If you can describe your machine learning problem as “predict a number from a table of features,” the new ADS Regression Operator is built for exactly that workflow.

The operator gives you a low-code way to train, evaluate, and package supervised tabular regression models with a simple YAML configuration. Instead of stitching together preprocessing, model selection, metric calculation, artifact writing, and reporting by hand, you can define the problem once and let ADS run the end-to-end workflow for you.

In this post, we will walk through what the ADS Regression Operator is, where it helps, and a hands-on example using the Bike Sharing dataset.

ADS Regression Operator

What Is the Regression Operator?

The ADS Regression Operator is a low-code operator for supervised tabular regression. It takes a training dataset, a target column, and a small set of configuration choices, then produces a trained model and a standard set of outputs such as predictions, metrics, an HTML report, and a serialized model artifact.

At a high level, the operator helps with:

  • loading training data and optional test data
  • using the target_column you specify in the YAML
  • preprocessing mixed tabular features
  • training a regression model
  • evaluating the model on training and optional held-out test data
  • generating artifacts you can review or operationalize

The operator currently supports these model options:

  • auto
  • linear_regression
  • random_forest
  • knn
  • xgboost

When you choose auto, the operator compares the supported regression model families using cross-validation and selects the best one for the configured metric. If you already know the model family you want, you can run one explicitly.
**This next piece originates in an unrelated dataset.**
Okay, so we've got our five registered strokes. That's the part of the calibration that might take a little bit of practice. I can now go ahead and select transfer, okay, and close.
Why This Operator Is Helpful?

Many regression projects start with the same boilerplate:

  • read data
  • split features and target
  • detect numeric, categorical, and date columns
  • impute missing values
  • encode categories
  • train a model
  • score predictions
  • save outputs somewhere consistent

That work is necessary, but it is also repetitive. The Regression Operator reduces that overhead so you can focus on the problem itself: what you want to predict, which data you trust, and how to interpret the results.
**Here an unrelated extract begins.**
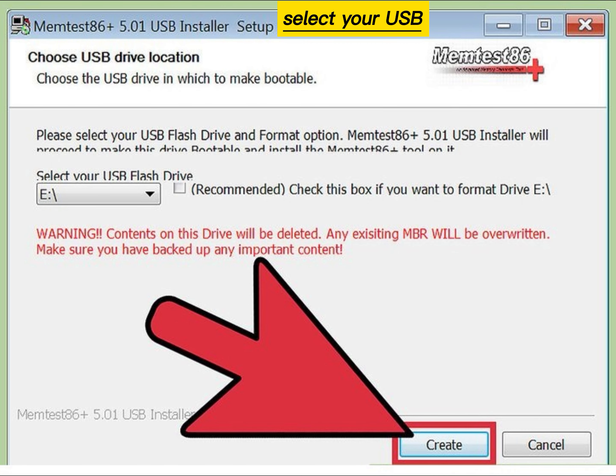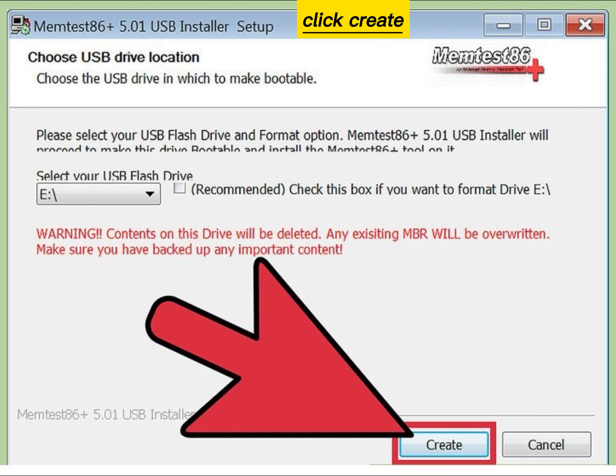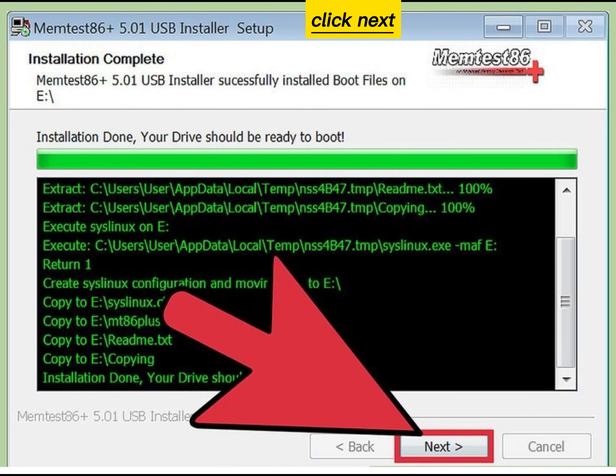Select your USB flash drive, then click Create. Click Next, and then Finish.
The operator is especially useful when you want:

  • a repeatable YAML-driven workflow instead of one-off notebook code
  • built-in preprocessing for mixed tabular data
  • a consistent artifact layout for review and handoff
  • a fast way to compare baseline models
  • an easier path from experimentation to deployment

Example: Predicting Daily Bike Rental Demand

For this example, we will use the public Bike Sharing dataset from the UCI Machine Learning Repository. The dataset contains hourly and daily rental counts for the Capital Bikeshare system from 2011 and 2012, along with weather and seasonal information. The daily dataset includes the target column cnt, which makes it a natural regression problem.

We want to predict daily bike demand using features such as:

  • date
  • season
  • month
  • holiday and working-day indicators
  • weather situation
  • temperature, humidity, and wind speed

One important detail: the dataset also includes casual and registered, and those two values add up to cnt. Because they directly reveal the target, they should not be used as input features for this example.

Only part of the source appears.